Liquid Sheet Breakup in Gas-Centered Swirl Coaxial Atomizers

TL;DR

This study investigates how a central gas jet influences the breakup of swirling liquid sheets in coaxial atomizers, revealing that the jet's effects depend on the liquid's inertia and significantly affect spray characteristics.

Contribution

It provides experimental insights into the role of central air jets on liquid sheet breakup, highlighting the effects of flow parameters on breakup length and surface corrugations.

Findings

Central air jet shortens breakup length for low inertia sheets at small Re_g.

High inertia sheets are less affected at small Re_g but develop shorter breakup lengths at higher Re_g.

Surface corrugations induced by the air jet promote ligament formation.

Abstract

The study deals with the breakup behavior of swirling liquid sheets discharging from gas-centered swirl coaxial atomizers with attention focused toward the understanding of the role of central gas jet on the liquid sheet breakup. Cold flow experiments on the liquid sheet breakup were carried out by employing custom fabricated gas-centered swirl coaxial atomizers using water and air as experimental fluids. Photographic techniques were employed to capture the flow behavior of liquid sheets at different flow conditions. Quantitative variation on the breakup length of the liquid sheet and spray width were obtained from the measurements deduced from the images of liquid sheets.
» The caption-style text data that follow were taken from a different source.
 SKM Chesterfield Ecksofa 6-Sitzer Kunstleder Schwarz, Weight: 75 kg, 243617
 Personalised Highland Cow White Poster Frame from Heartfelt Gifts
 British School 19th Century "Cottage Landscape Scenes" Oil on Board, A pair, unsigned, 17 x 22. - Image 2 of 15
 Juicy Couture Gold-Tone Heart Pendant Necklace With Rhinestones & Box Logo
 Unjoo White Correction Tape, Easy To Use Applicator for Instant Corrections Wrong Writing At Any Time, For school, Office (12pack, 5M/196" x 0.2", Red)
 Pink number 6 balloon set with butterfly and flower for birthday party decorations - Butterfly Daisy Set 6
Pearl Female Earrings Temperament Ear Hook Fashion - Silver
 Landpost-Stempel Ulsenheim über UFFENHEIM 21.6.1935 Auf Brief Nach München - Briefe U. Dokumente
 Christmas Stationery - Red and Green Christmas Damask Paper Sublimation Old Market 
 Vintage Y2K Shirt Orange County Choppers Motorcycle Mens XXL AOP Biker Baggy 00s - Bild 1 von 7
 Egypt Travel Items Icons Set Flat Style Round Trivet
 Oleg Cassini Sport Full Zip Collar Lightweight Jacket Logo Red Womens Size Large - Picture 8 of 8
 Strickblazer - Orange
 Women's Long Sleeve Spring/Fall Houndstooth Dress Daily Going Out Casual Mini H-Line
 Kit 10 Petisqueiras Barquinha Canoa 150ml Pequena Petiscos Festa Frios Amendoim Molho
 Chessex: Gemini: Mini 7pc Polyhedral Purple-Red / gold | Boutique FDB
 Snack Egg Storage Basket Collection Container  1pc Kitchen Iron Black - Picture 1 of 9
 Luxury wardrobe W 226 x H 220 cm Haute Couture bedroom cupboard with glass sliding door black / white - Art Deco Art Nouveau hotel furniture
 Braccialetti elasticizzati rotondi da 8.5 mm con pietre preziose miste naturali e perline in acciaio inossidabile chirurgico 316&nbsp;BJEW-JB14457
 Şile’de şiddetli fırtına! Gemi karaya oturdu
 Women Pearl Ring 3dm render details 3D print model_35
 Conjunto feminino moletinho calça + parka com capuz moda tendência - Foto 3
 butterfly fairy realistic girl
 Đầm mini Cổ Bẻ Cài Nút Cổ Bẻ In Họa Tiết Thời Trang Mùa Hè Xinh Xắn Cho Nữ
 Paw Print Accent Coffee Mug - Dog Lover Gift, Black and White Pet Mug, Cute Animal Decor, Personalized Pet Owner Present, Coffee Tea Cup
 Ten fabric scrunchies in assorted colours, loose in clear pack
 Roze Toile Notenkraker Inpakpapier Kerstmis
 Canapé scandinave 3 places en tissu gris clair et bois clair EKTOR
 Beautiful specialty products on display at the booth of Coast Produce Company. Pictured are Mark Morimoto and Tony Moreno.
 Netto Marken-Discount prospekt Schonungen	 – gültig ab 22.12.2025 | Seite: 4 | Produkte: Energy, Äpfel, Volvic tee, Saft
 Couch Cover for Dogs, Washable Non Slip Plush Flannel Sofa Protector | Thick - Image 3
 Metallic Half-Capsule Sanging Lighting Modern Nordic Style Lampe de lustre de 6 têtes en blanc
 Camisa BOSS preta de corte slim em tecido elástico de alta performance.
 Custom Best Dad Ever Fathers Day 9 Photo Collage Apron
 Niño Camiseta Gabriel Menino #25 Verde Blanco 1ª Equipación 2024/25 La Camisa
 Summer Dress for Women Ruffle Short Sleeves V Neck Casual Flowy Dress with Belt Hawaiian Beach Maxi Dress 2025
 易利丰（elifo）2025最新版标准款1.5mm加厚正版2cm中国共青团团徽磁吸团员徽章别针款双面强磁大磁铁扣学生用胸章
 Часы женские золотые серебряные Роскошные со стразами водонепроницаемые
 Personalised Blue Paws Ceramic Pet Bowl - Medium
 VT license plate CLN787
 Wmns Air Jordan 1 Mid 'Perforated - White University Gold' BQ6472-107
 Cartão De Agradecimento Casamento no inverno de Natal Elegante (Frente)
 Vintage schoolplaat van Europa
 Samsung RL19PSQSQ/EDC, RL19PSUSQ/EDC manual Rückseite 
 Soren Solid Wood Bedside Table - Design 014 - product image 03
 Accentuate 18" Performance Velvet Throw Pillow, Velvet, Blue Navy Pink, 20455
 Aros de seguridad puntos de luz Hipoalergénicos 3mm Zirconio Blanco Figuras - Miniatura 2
The sheet breakup process is significantly influenced by the central air jet. It is observed that low inertia liquid sheets are more vulnerable to the presence of the central air jet and develop shorter breakup lengths at smaller values of the air jet Reynolds number $Re_g$. High inertia liquid sheets ignore the presence of the central air jet at smaller values of $Re_g$ and eventually develop shorter breakup lengths at higher values of $Re_g$. The experimental evidences suggest that the central air jet causes corrugations on the liquid sheet surface, which may be promoting the production of thick liquid ligaments from the sheet surface. The level of surface corrugations on the liquid sheet increases with increasing $Re_g$. Qualitative analysis of experimental observations reveals that the entrainment process of air established between the inner surface of the liquid sheet and the central air jet is the primary trigger for the sheet breakup.